*** Opening of Raw data ***

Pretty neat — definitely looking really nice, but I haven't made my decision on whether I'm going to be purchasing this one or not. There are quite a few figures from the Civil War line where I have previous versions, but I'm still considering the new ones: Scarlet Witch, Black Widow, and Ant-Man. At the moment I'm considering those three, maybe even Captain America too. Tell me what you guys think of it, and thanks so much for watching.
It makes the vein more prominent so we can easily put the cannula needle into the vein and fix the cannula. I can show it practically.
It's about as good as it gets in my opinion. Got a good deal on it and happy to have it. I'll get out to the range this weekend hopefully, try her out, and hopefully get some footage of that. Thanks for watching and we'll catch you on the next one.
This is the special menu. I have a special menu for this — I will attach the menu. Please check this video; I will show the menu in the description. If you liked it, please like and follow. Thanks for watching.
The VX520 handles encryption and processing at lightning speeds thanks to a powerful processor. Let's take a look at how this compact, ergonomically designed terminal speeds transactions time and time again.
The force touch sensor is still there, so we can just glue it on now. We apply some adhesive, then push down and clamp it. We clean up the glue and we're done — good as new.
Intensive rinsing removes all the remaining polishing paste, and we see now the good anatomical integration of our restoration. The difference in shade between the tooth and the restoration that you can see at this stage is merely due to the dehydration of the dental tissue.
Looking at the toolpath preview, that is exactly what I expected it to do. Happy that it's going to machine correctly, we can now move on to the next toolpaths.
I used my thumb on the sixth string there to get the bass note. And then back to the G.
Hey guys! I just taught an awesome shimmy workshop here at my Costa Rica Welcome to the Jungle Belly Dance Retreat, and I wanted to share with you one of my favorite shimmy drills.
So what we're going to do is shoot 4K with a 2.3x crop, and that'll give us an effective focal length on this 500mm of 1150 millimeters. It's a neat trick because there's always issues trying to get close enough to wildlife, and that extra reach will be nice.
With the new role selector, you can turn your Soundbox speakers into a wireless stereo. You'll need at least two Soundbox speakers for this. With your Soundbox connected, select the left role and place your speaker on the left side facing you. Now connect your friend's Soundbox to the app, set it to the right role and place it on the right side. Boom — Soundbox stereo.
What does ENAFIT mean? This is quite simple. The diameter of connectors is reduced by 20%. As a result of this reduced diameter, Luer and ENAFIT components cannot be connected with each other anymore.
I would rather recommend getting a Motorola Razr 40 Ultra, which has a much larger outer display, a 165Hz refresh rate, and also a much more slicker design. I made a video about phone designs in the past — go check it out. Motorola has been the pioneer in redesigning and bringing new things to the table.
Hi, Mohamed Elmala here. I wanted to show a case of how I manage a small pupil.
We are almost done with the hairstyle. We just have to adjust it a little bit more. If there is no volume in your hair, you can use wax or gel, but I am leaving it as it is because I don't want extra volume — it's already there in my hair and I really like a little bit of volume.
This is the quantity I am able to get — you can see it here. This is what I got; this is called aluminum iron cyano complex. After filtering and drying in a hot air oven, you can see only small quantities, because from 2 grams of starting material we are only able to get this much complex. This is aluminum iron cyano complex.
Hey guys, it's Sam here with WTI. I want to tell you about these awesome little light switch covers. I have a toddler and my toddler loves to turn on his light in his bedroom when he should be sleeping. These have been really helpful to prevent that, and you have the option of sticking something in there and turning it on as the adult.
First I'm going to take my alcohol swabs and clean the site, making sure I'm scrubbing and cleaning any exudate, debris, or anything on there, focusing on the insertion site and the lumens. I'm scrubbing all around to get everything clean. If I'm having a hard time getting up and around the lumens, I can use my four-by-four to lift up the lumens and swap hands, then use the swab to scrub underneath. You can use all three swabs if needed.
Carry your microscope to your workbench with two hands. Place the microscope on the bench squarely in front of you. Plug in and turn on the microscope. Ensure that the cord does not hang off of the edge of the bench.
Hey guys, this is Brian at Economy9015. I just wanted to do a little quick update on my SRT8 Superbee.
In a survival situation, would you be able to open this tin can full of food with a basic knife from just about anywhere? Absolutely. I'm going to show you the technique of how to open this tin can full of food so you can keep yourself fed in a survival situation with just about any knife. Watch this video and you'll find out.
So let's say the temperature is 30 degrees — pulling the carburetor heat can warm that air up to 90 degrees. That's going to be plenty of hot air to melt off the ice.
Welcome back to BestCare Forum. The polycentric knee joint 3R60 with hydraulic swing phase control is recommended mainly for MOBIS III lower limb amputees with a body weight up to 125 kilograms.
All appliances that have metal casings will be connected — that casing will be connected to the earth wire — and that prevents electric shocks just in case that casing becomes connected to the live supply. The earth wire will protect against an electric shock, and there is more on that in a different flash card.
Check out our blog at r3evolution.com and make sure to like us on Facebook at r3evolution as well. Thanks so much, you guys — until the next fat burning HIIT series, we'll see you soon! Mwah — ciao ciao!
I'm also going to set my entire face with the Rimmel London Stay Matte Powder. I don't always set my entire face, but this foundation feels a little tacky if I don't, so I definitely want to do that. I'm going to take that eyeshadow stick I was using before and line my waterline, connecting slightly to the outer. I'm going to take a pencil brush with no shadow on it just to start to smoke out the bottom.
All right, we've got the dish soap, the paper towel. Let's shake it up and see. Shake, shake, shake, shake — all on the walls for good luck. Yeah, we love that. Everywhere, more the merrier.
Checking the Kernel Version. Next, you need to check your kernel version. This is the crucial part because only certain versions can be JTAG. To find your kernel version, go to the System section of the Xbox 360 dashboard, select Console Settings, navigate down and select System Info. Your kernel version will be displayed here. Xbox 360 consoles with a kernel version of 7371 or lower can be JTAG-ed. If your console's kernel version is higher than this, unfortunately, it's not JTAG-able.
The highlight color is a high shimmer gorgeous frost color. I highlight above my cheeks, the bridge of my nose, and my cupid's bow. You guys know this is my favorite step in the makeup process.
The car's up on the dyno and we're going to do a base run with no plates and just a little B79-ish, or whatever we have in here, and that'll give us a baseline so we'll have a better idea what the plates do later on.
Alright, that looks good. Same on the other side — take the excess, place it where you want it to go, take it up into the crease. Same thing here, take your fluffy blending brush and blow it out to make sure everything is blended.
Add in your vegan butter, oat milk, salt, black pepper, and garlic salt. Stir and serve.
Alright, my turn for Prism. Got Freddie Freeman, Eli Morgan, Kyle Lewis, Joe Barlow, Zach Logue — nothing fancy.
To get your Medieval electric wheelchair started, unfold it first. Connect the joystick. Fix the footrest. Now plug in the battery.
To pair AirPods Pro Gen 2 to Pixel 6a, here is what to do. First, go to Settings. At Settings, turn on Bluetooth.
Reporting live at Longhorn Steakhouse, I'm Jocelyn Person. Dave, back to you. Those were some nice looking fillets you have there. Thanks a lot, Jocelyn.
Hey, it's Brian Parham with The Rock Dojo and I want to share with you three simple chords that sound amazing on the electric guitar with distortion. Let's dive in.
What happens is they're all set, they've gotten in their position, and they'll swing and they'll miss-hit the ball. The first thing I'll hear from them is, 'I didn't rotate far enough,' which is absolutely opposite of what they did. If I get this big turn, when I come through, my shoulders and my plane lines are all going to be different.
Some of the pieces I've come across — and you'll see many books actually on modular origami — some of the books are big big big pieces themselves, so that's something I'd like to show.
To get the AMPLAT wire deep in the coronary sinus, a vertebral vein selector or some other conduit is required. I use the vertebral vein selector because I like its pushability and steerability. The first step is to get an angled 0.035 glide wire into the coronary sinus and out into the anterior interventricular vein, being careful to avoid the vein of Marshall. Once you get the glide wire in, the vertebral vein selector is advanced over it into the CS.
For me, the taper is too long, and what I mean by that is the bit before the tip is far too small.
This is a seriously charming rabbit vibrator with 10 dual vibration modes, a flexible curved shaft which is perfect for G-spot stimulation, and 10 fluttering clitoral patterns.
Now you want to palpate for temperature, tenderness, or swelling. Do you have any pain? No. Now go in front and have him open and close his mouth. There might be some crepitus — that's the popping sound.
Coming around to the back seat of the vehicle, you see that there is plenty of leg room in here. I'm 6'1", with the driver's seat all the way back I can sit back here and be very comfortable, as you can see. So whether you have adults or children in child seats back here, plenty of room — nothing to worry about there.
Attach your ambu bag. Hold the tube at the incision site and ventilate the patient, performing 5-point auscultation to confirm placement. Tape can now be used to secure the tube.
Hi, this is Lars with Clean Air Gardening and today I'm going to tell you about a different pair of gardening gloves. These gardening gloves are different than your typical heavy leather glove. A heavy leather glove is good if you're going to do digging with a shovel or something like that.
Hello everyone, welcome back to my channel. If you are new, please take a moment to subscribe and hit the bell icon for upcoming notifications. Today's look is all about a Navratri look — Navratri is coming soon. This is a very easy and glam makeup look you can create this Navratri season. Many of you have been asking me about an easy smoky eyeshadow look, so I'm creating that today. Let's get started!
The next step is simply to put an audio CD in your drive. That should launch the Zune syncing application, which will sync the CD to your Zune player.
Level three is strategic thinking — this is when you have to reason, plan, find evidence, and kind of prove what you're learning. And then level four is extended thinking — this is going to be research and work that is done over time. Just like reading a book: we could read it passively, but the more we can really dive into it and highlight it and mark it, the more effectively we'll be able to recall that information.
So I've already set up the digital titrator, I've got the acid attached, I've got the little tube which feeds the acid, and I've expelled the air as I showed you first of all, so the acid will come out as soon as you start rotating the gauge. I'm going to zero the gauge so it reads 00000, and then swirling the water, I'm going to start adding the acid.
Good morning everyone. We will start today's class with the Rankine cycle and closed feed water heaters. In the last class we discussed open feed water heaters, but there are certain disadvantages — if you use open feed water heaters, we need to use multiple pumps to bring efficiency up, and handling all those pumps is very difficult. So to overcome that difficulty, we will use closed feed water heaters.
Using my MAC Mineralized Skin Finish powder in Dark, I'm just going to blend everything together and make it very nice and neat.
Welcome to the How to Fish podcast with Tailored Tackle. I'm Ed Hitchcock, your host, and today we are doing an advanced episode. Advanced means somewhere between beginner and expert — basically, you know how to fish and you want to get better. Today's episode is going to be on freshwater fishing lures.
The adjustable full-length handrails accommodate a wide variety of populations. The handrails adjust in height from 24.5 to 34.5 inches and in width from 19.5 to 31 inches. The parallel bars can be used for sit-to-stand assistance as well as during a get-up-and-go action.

*** Close of Raw data ***

• **What is required**: Copy range, inclusive: the line holding "To get the AMPLAT" to the line holding "For me, the". Reproduce exactly those lines of the records above and no others.

• **Answer below**:
To get the AMPLAT wire deep in the coronary sinus, a vertebral vein selector or some other conduit is required. I use the vertebral vein selector because I like its pushability and steerability. The first step is to get an angled 0.035 glide wire into the coronary sinus and out into the anterior interventricular vein, being careful to avoid the vein of Marshall. Once you get the glide wire in, the vertebral vein selector is advanced over it into the CS.
For me, the taper is too long, and what I mean by that is the bit before the tip is far too small.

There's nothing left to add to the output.